From the entries below, output the line with "As Illinois Cicadas" and each following line up to and including the line with "Metoda cea mai simpla de schimbat matca!", exactly as written.

▸ **DATA**

• • • • • • •

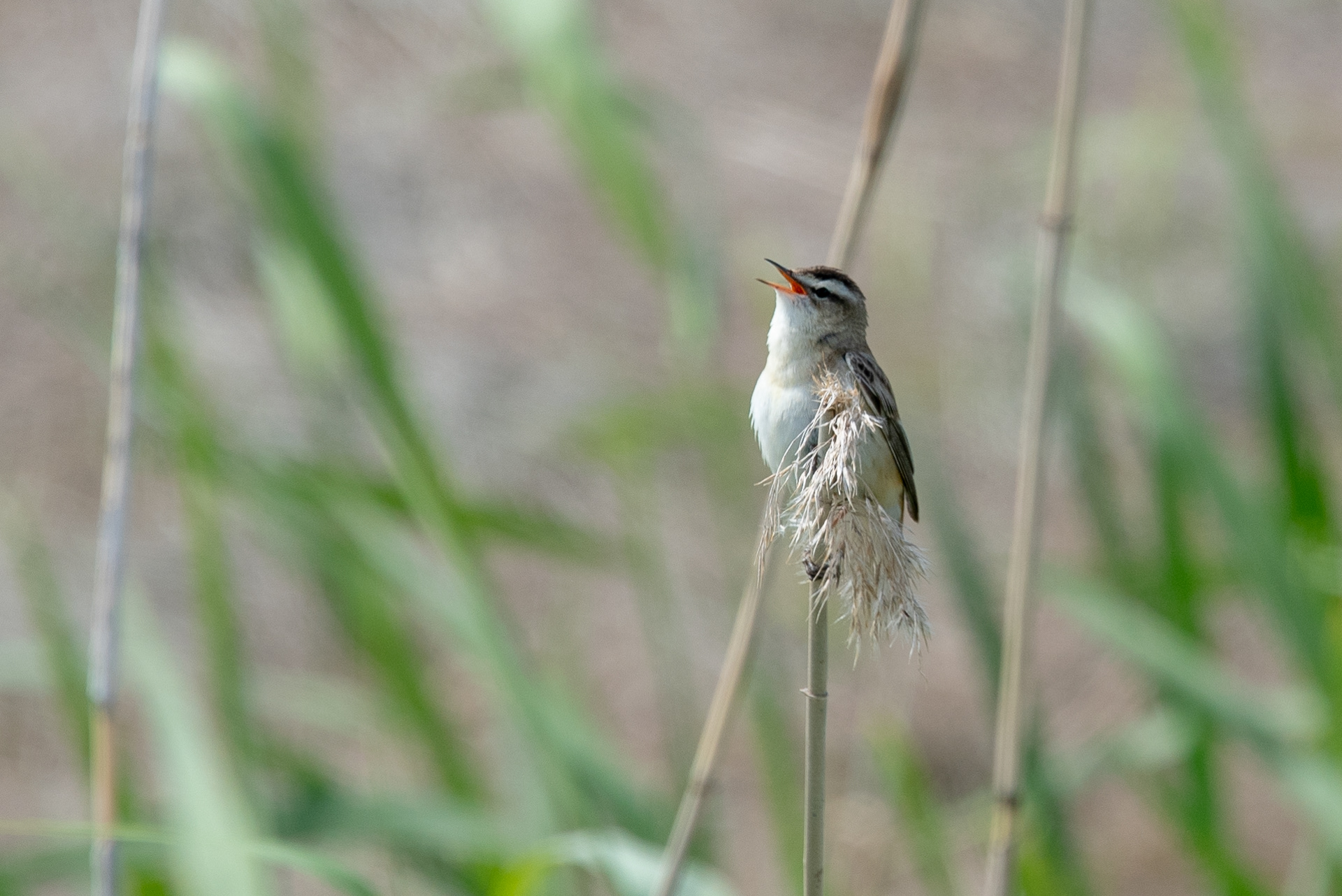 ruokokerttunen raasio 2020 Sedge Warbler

• • • • • • •

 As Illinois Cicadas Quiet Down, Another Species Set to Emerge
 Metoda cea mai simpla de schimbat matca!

• • • • • • •

▸ **COMPLETED TASK**
 As Illinois Cicadas Quiet Down, Another Species Set to Emerge
 Metoda cea mai simpla de schimbat matca!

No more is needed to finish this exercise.